Abstract

Mitral valve repair for Barlow's disease offers good outcomes but excessive and myxomatous valvular tissue is associated with systolic anterior motion. Although valvular disease might progress after repair and cause long-term systolic anterior motion, few reports focus on this aspect. Herein, we will review our 16-year experience with mitral valve repair for Barlow's disease and systolic anterior motion incidence.
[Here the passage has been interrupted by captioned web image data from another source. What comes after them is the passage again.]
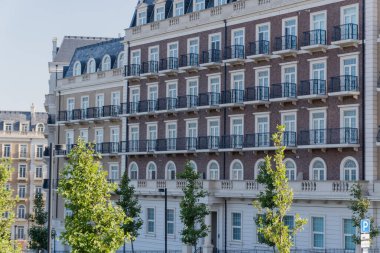 Beyaz Şehir 'de inanılmaz bir mimari. Bakü, Azerbaycan. 28.06.2025.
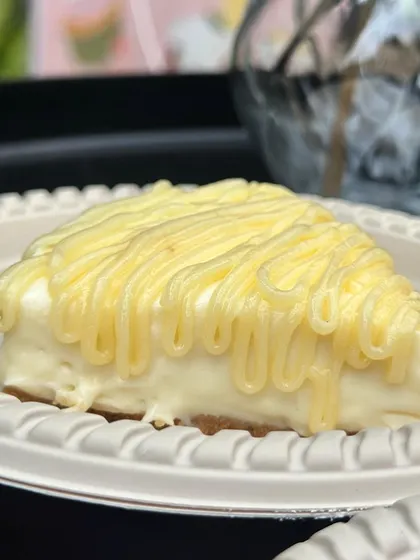 A bright and zesty treat, our new Lemon Cheesecake offers a refreshing tang. This eggless dessert features a smooth lemon-infused filling with a delicate, sweet topping.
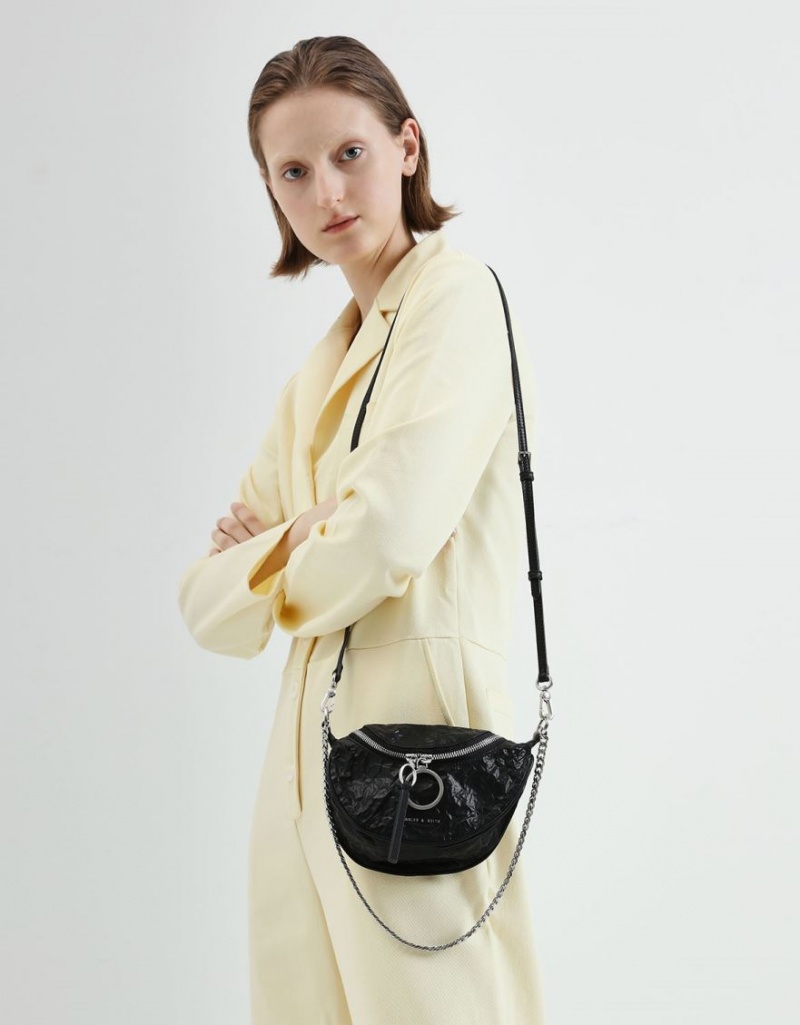Geanta Crossbody Charles & Keith Wrinkled Effect Ring Zip Tassel Negrii | 043RJGXUO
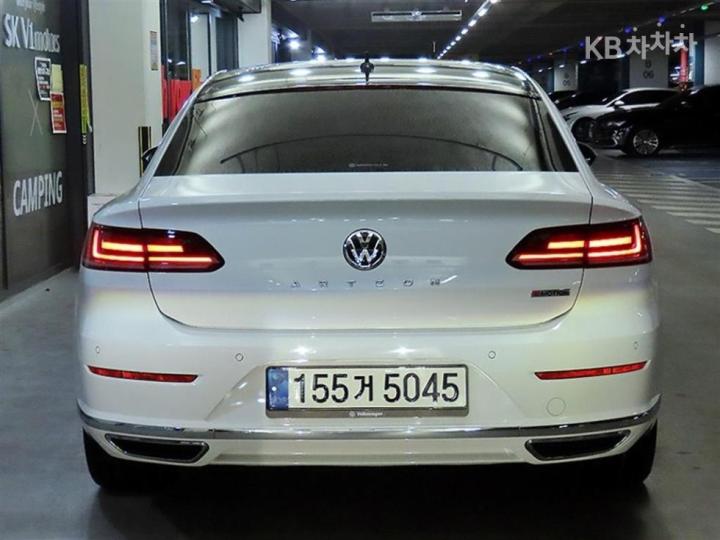 Volkswagen Arteon 2.0 TDI 4WD Elegance Prestige 6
We retrospectively reviewed surgical outcomes of 92 cases of mitral valve repair using a balanced leaflet/large ring strategy plus median sternotomy for Barlow's disease (median age 45.1 ± 12.7years old [19-72], 37 females) from 2004 to 2019. Concomitant surgeries, except for tricuspid valve or anti-arrhythmic surgeries, were excluded. The follow-up period was 5.8 ± 4.4years with no deaths. Patients had mitral regurgitation of grade 3/4 (15 cases) or 4/4 (77 cases) due to anterior leaflet (3 cases), posterior leaflet (75 cases), or bileaflet (14 cases) prolapse, with chord elongation (39 cases), chord rupture (22 cases), or a combination of both (14 cases). All cases required ring annuloplasty (median size of 33.0 ± 5.4mm) combined with leaflet resection (91 cases), chord intervention (12 cases), or indentation closure (2 cases). No case had short- or long-term SAM. The freedom-from-mitral-regurgitation (of greater than grade 2/4) rate was 94.1% over 5years and 76.0% over 10years without reoperation. Our two-pronged strategy for mitral valve repair in Barlow's disease avoids systolic anterior motion over the long-term, with good outcomes.